Lifespan: Keichō 7 (1602) to 1/4 of Kanei 4 (1627)
Rank: Second head of Mutsu-Aizu domain
Title: Junior Third Rank and Councillor, Senior Fourth Rank and Councillor, Governor of Shimotsuke
Lord: Tokugawa Hidetada → Tokugawa Iemitsu
Father: Gamō Hideyuki
Mother: Furihime (third daughter of Tokugawa Ieyasu)
Siblings: Tadasato, Tadatomo, Sūhōin (wife of Katō Tadahiro), Asano Mitsuakira (younger brother of a different father)
Wife: [Formal] Daughter of Tōdō Takatora
In the fifth month of 1612, Hideyuki suddenly died at the age of thirty so, at the age of ten, Tadasato inherited the Aizu domain with 600,000 koku.

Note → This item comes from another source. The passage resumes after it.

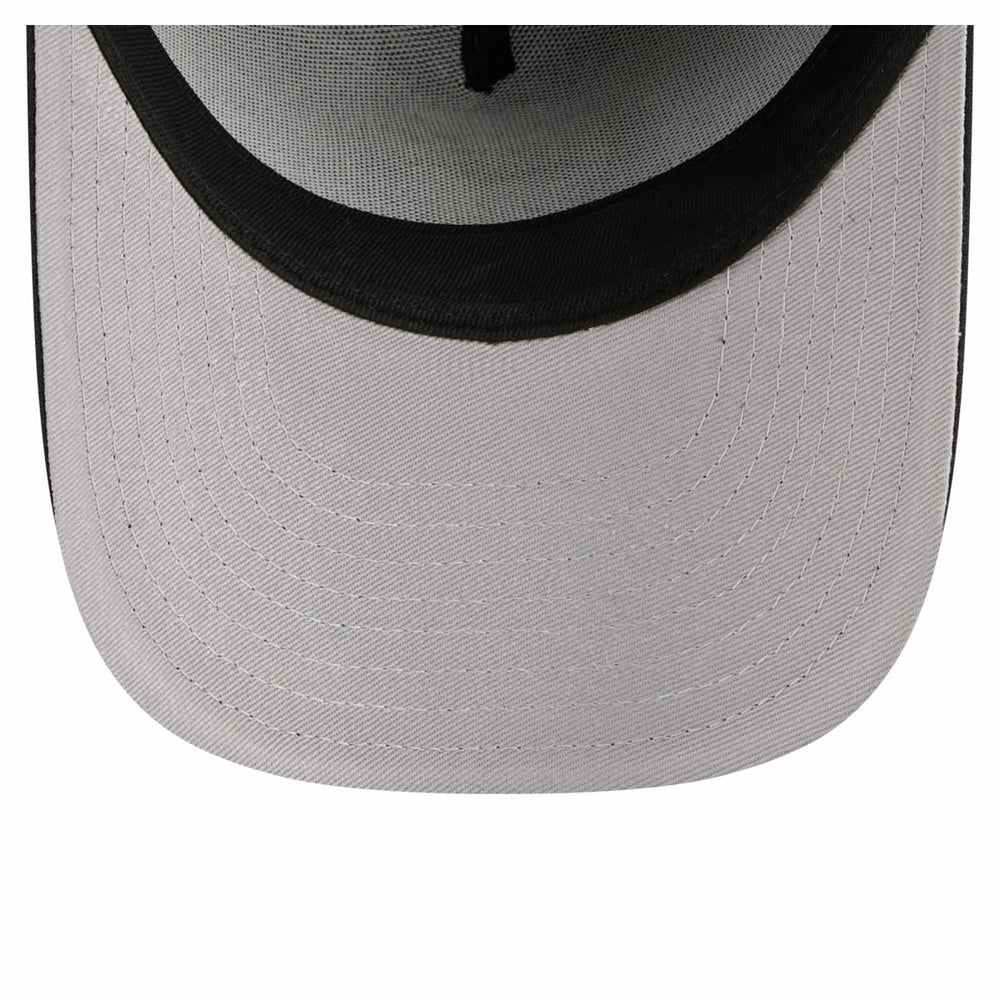 New Era - Miami Heat Youth 9FORTY A-Frame Adjustable Hat - Black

In the ninth month, Tadasato and his younger brother, Tsuruchiyo (later known as Tadatomo), attended a coming-of-age ceremony (sponsored by Tokugawa Ieyasu) and received the Matsudaira surname along with one of the characters from the name of Tokugawa Hidetada, the shōgun. He also received one of the characters from the name of his grandfather, Gamō Ujisato, so he adopted the name of Matsudaira Tadasato. However, owing to his youth, his mother, Furihime, served as his guardian.
Dating back to the era of Ujisato, the Gamō family experienced internal tensions that continued during the period that Tadasato served as head of the domain. Following the death of Hideyuki, Furihime soon came into a severe conflict with the chief retainer of the Gamō clan named Oka Shigemasa over matters of governance of the domain. This culminated in Tokugawa Ieyasu summoning Shigemasa to Sunpu Castle and ordering him to commit seppuku in 1613. Owing to this instability, during the Siege of Ōsaka in 1615, Tadasato was ordered to remain in the Gamō residence in Edo.

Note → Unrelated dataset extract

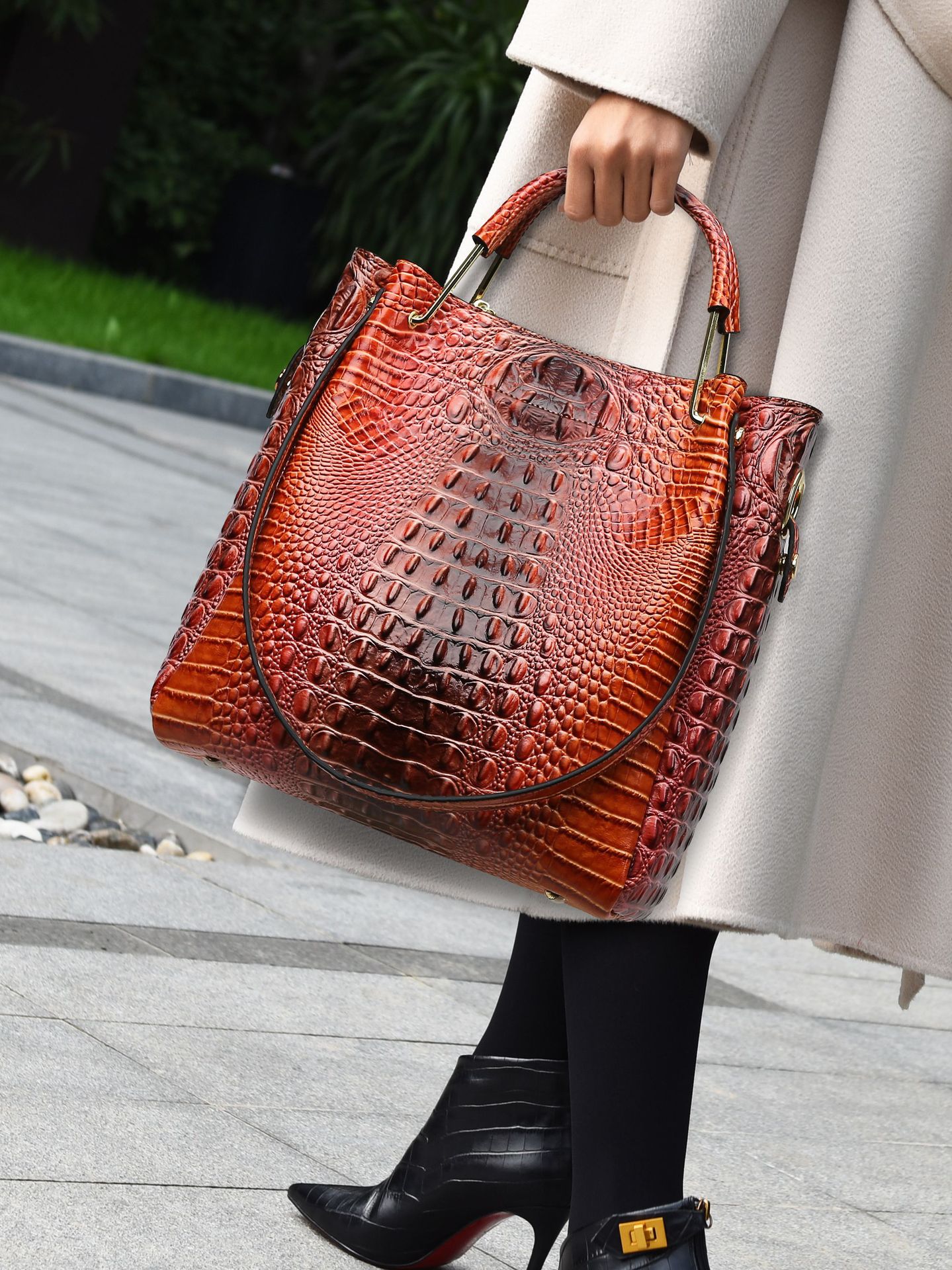 Fashion Crocodile pattern Luxu - Women'S Kipling Bags ulasan dan harga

During his term, Tadasato arranged for the reconstruction of a five-story tower at Aizu-Wakamatsu Castle and provided support for the rebuilding of the Eryū Temple in Aizu. During a period of starvation in his domain, he ordered a prohibition against the production of mochi, saké, and tōfu.

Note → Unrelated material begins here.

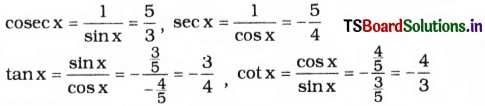 AP Inter 1st Year Maths Exercise 3b Solutions 1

In 1619, Tadasato received the daughter of Tōdō Takatora as his formal wife. In 1623, he was appointed a chamberlain. In 1624, he received Tokugawa Hidetada (the Ōgosho) and Tokugawa Iemitsu (the shōgun) at the Gamō residence in Edo. During this period, conflicts and claims persisted among his senior retainers, but these were regarded as concerns of the clan to resolve. In 1626, upon the occasion of a visit by Emperor Gomizu-no-o to the Nijō Castle, Tadasato went to Kyōto and, after the Imperial visit, was promoted to Senior Fourth Rank (Lower) and Councillor. At this time, he contracted smallpox and, on 1/4 of Kanei 4 (1627) died at the age of twenty-six.
Tadasato did not produce an heir with his formal wife, so, the lineage of the Gamō clan should have come to an end. Nevertheless, his mother was the daughter of Tokugawa Ieyasu, so his younger brother, Gamō Tadatomo (who was the head of the Dewa-Kami-no-yama domain with a fief of 40,000 koku) was appointed as Tadasato’s heir and given a fief of 240,000 koku in Iyo-Matsuyama in Shikoku. Although the fief of the Gamō family was reduced from 600,000 koku in Aizu to 240,000 koku in Matsuyama, their lineage was preserved. Katō Yoshiaki then entered Aizu in lieu of the Gamō with a fief of 400,000 koku.